Assignment — Once you find the line below that has "鸡腿洗净剁小块，大蒜、姜切片", output it and every line after it exactly, stopping after the line that has "PS5 Used Like", with no pictures.

Entries provided —
------------------------------------------------

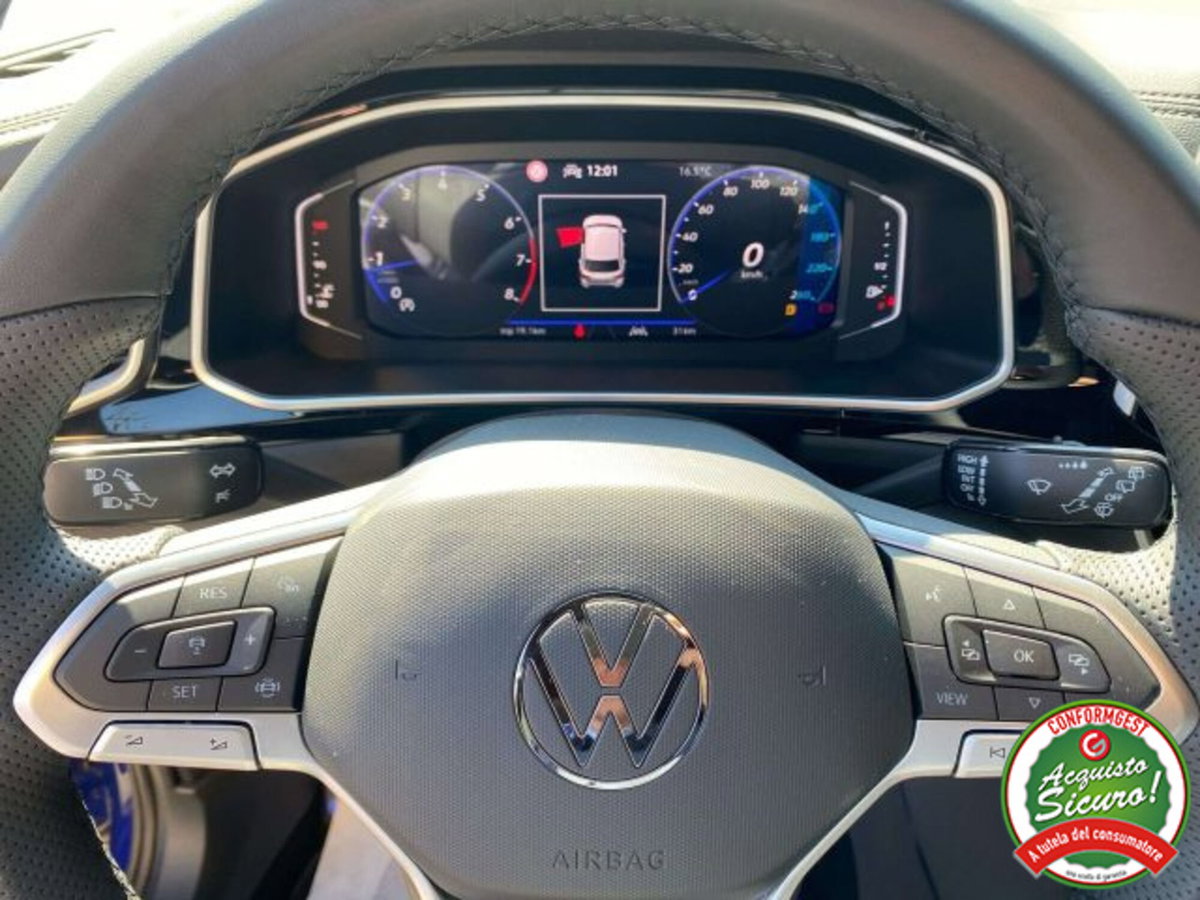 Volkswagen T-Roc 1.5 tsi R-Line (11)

------------------------------------------------

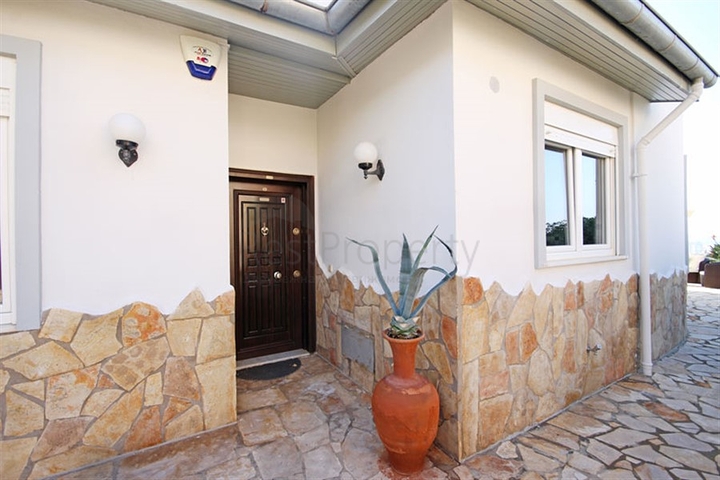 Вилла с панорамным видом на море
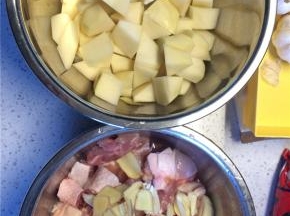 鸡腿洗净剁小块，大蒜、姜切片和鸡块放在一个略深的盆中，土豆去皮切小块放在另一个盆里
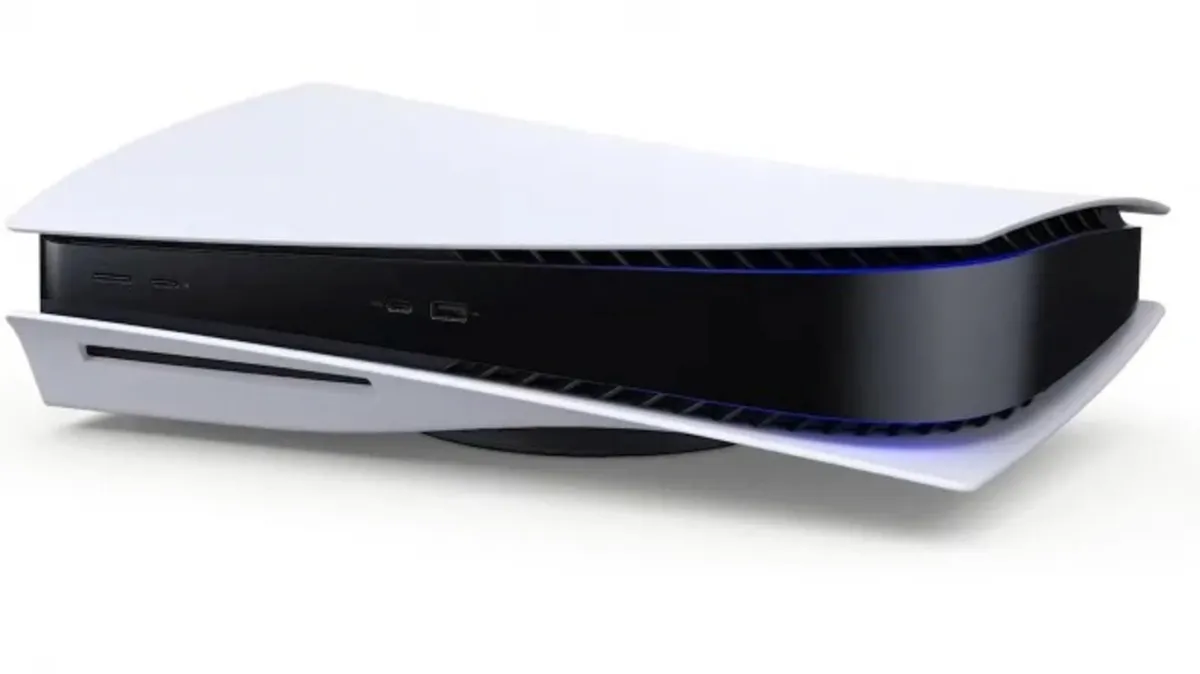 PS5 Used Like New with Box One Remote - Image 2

------------------------------------------------

Response box —
 鸡腿洗净剁小块，大蒜、姜切片和鸡块放在一个略深的盆中，土豆去皮切小块放在另一个盆里
 PS5 Used Like New with Box One Remote - Image 2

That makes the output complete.